Preparing for the Future
by Stefani Daniels, RN, MSNA, CMAC, ACM
Published on Jun 01, 2015
In the often cited science experiment, when a frog is placed in a pot of scalding hot water, it will immediately jump out. But if the water is cool and heat is gradually applied, the frog will stay in the pot until it is ultimately boiled. This experiment underscores the danger of gradual change.
An organism is less likely to notice gradual change and therefore is less likely to react to the change, perhaps until it is too late. On the other hand, being more obvious and uncomfortable, dramatic change usually causes the organism to react much more quickly and forcibly.
With the increase in rapid changes in the environment, hospital case management programs now find themselves in a pot of boiling water. The case management leader is a master at tweaking numerous dials, pulling levers at the right time, and expertly pressing the right buttons to adapt to new pressures. But there is a problem inherent with maintaining a focus on optimizing case management workflow operations: It is difficult to strengthen the current program while simultaneously inventing its future.
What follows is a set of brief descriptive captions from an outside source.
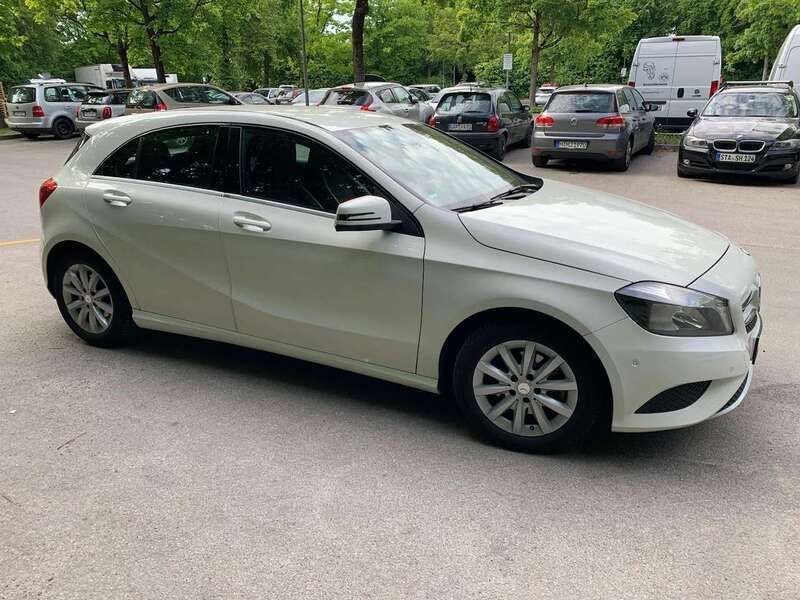 Weiß Gebraucht 2015 Mercedes A180 Urban Limousine | 15.500 € (Fairer Preis) - Bild 1/4
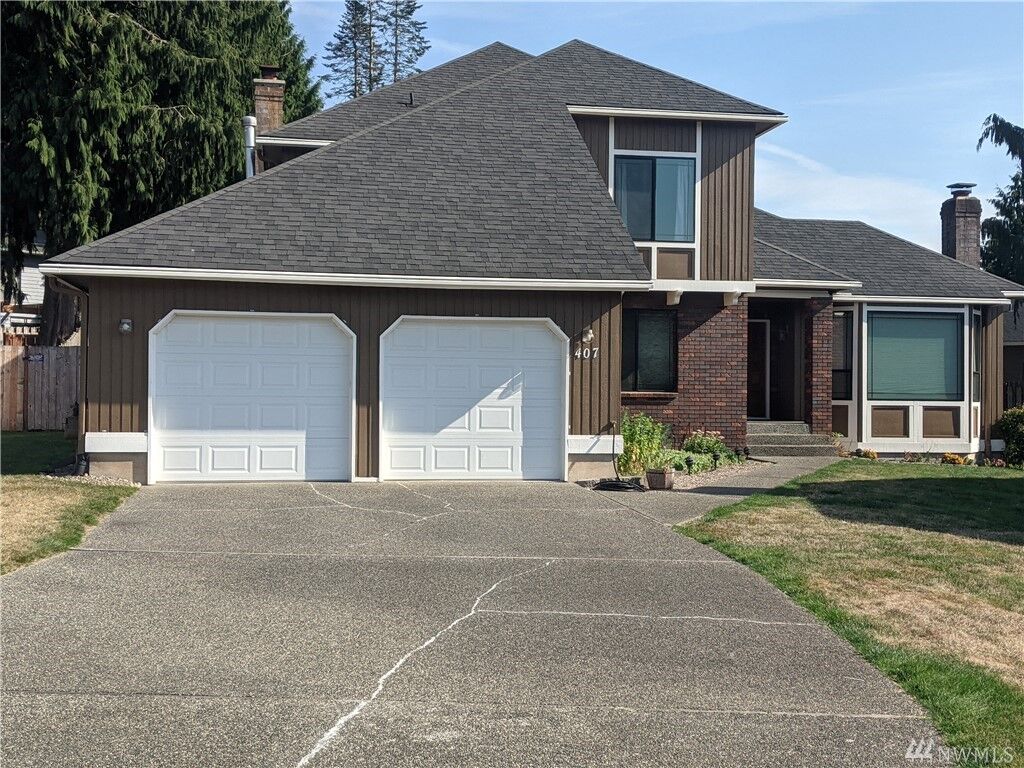 Property Photo: 407 20th St WA 98290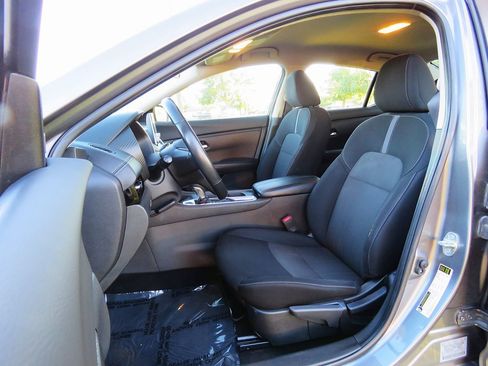 Used 2022 Nissan Sentra SV image 20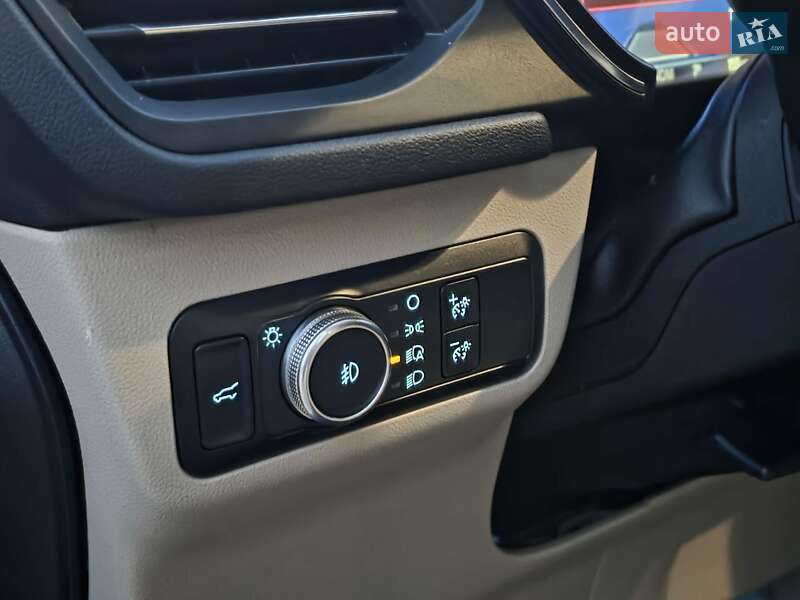 Позашляховик / Кросовер Ford Escape 2020 в Тернополі фото 41 Позашляховик / Кросовер Ford Escape 2020 в Тернополі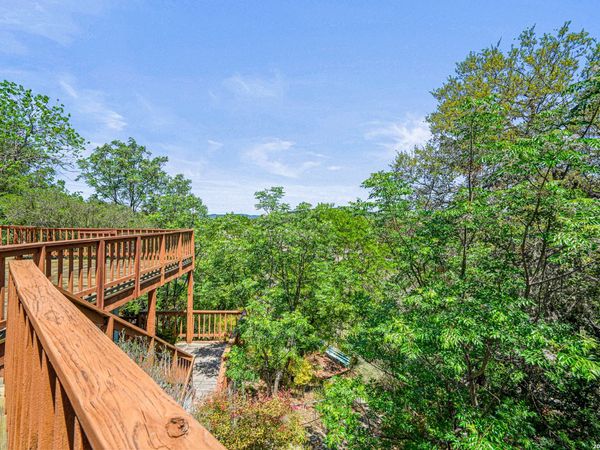 1427 Elmhurst Dr., Lakehills, TX 78063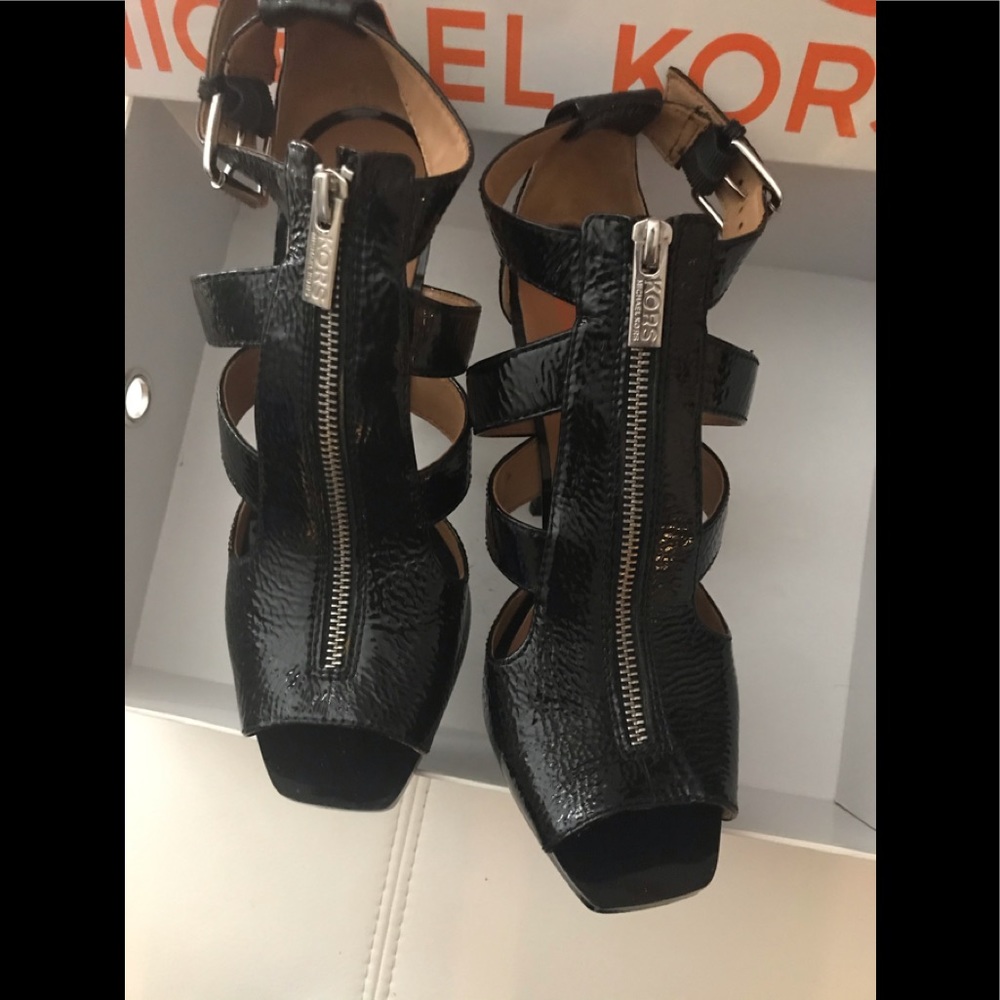 Michael Kors Bridgette Crinkle Patent Black Sandal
Successful change does not just happen; it requires three key elements. There must be awareness of an impending boiling pot, a compelling vision of the future, and a bridge between the two. Planning a successful transformation is very difficult to accomplish while the pot is actually boiling, so don't make the mistake of waiting too long to begin. Building awareness of the impending boiling pot and creating the compelling vision for the future will be the comparatively easy parts. It is the bridge between the two that will require considerable forethought and careful planning to execute. Progression-of-care is a very complex process involving a multitude of key stakeholders all of whom need to cross the bridge in unison. You have to help them get there.